C’est ce que l’ensemble des débats sur les droits voisins semblent mettre en avant. En effet, les éditeurs du monde entier cherchent à obtenir une contre-partie financière de la part des GAFA pour les contenus qu’ils ont créés. Le bras de fer est violent, comme l’a montré la récente censure par Facebook de l’ensemble des médias d’information australiens. Dernièrement les géants du numérique ont cédé à des accords bilatéraux avec un certain nombre d’éditeurs – le plus souvent les plus notoires de chaque pays – ce qui risque de menacer la pluralité des idées, la liberté d’expression, et qui questionne directement nos démocraties.
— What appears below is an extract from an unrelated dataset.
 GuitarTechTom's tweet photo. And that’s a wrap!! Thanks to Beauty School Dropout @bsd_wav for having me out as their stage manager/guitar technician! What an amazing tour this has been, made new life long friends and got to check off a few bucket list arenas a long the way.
Si seuls les plus grands sont financés pour leurs contenus par Facebook, Google et co., seuls les plus grands survivront – les plus grands qui subiront encore plus fortement cette double mainmise économique qui dénature l’espace public et le visage même de la démocratie.

D’où provient cette terrible vague qui menace d’emporter avec elle tout ce qui est coloré, tout ce qui est particulier dans nos vies ?
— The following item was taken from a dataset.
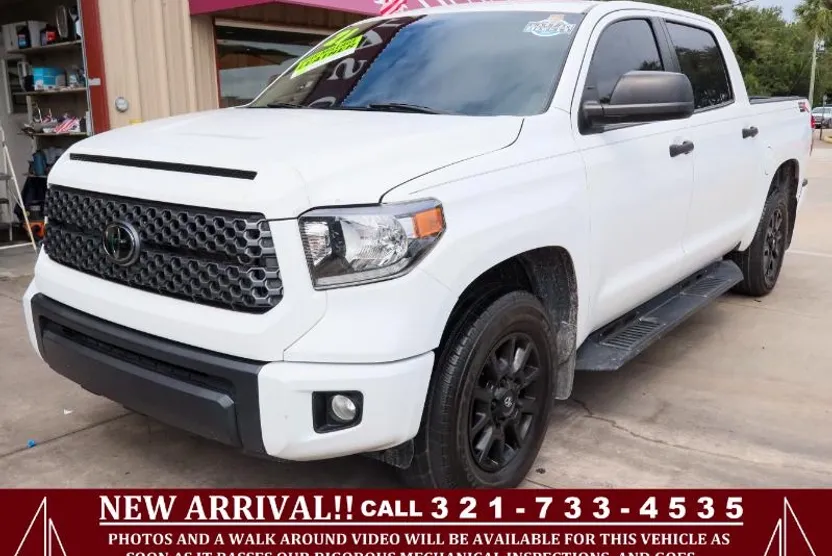 2021 Toyota Tundra SR5 CrewMax photo 1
Stefan Zweig, L’uniformisation du monde, 1925

Uniformisation des contenus pour répondre aux exigences des plateformes, surpression de la pluralité des points de vue nécessaires pour permettre à des citoyens de s’informer et d’être éclairés sur les enjeux du monde… quels sont les autres risques de cette supra mainmise des géants du numérique sur l’espace public conçu à l’échelle planétaire ?

Nous avons été nombreux à nous « réjouir » début janvier à la nouvelle de la suppression du compte Twitter de Donald Trump. La décision avait pourtant un caractère symbolique fort. Twitter a prouvé avoir le pouvoir de censurer la parole du président des États-Unis. A mon sens, c’est le signal d’un tournant extrêmement dangereux pour la liberté d’expression.

Février, mars, avril n’ont fait que confirmer le phénomène, puisque nous avons assisté assez passivement à un renforcement de ce que je vais appeler un caractère autoritaire des plateformes sociales. En effet, sous prétexte de se ranger du bon côté de l’histoire et de chercher à combattre les maux de la société numérique – fake news, désinformation, propos haineux, trolling – ces plateformes s’octroient désormais le droit de décider à qui donner la parole, quand et sur quels sujets[12].

En réalité, pour que cette mainmise devienne totale il ne manquerait à mon sens plus qu’une chose : que Google, Facebook & co. se mettent à créer leurs propres contenus informationnels, ce qui ne semble pas complètement dystopique lorsqu’on regarde les évolutions de positionnement de plateformes comme Netflix ou Amazon… Si ces géants se sont d’abord imposés en ayant recours à l’intermédiation pour faciliter la rencontre de l’offre et de la demande, chacun dans son champ, ils ont rapidement changé de posture. Netflix s’est ainsi transformé dans un créateur de contenus presque à part entière, qui via la diffusion privilégiée de ses fictions structure et diffuse de nouveaux archétypes, crée de nouvelles représentations du social, du politique…

La course à l’hégémonie culturelle sera-t-elle remportée par les algorithmes ?

Assisterait-on à une nouvelle colonisation, à une colonisation par le nombre, algorithmique, qui s’exerce à un deuxième étage -dans le numérique – mais qui résonne fortement dans le réel, de manière à questionner nos organisations économiques, politiques et sociales ?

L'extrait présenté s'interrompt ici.